И наконец, на той же Узоле, всего в тридцати-сорока верстах выше Городца, располагались деревни Сёмино, Желтухино, Глибино, Бездели и Хрящи, где изготавливали единственную на весь белый свет деревянную золоченую расписную хохломскую посуду. Название хохломской она получила от тамошнего большого торгового села Хохломы, в котором долгое время велась основная оптовая продажа этих и разных других изделий из дерева – по-местному, щепного товара.
4
Соседство в одном месте разных промыслов встречается довольно часто. Но чтобы разом собралось столько именно художественных промыслов – такого не было нигде. И ведь не бог весть какая великая округа-то: Городец ведь не Москва, не Ярославль, даже не Кинешма.
Почему же это?
Экономический фактор здесь, конечно, тоже главное. Края заволжские – лесные, дремучие; черные и красные рамени, начинаясь у самой волжской воды, тянулись потом до Ветлуги, до Сухоны и Северной Двины. Каждый клочок пашни отвоевывался у них с невероятным трудом, вырубками, пожогами и корчевкой, так что поля были только кулижные да на осушенных болотах. А древесина – вот она, у крыльца, за гумном – бери без всякой меры. И с севера по малым рекам к Волге ее сплавлялось видимо-невидимо… Так что хотел местный житель или не хотел, но, как и его предки, он уже при рождении получал и свою вторую профессию: не просто крестьянина, а крестьянина – плотника, столяра, корабела, резчика, смолокура, токаря, ложкаря, бондаря, лапотника, игрушечника, сплавщика, пильщика, саночника, сундучника, гончара, кружевницы, красиля – так в Хохломе называли расписывавших посуду, ложки и ковши.
Без приработков на такой скудной земле ведь не прожить.
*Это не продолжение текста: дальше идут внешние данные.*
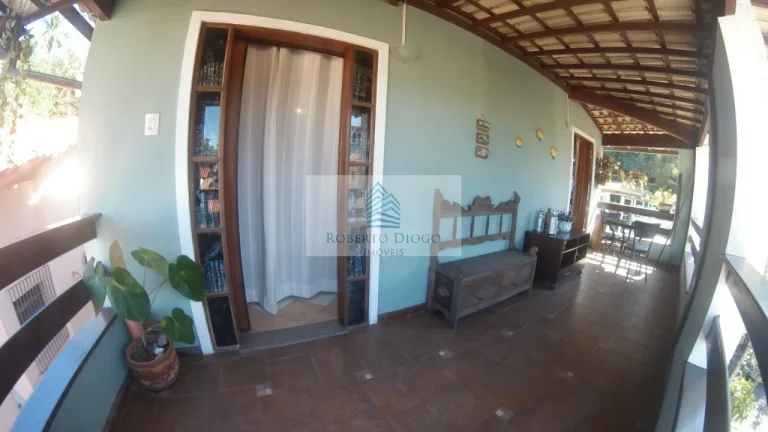 Imagem Casa de luxo à venda em Niterói-RJ, bairro Pe Pequeno: 9 quartos, 3 suítes, 4 salas, 9 banheiros, 3 vagas de garagem, 370m² de área.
Очень важно и то, что в течение долгих веков эти места служили одним из главных пристанищ для всякого беглого люда. Глухие бескрайние леса за Городцом прятали надежно, к некоторым скитам-поселениям незнающий человек вообще не мог подобраться, так как они располагались на островках среди огромных болот-зыбунов, которые здесь называли чарусами. Шли через эти чарусы одна-две потаенные тропы, а ступит человек шаг в сторону и просядет, порвется под ногами высокий, дурманно пахучий травостой, и окажется он в студенистой липкой хлюпающей трясине, которая начнет его всасывать так, что уже нет никаких сил вырваться. В считанные минуты проглотит, будто и не было никогда никого на этом месте, одни большие белые шапки таволги качаются да пчелы над ними гудят… Власти к таким урочищам боялись сунуться. Не было тут и господ-помещиков, не было и крепостных. И как ни тяжело приходилось первым поселенцам, корчующим леса, они обретали здесь хотя бы относительную волю, свободу. И лихие людишки ее обретали, сбивались в ватаги и гуляли на легких стружках по матушке-Волге, пощипывали купеческие барки. И те, кто ушел от барского гнета, от лютых гонений, от кабалы, от полной нищеты, а то и от пыток и верной смерти. Существовала даже поговорка: «Нечем платить долгу – пошел на Волгу!» Или на Дон, в казаки. Но туда больше подавались деревенские да кто помоложе и побойчей. А за Городец – в основном горожане, посадские, мастеровые всех статей и званий.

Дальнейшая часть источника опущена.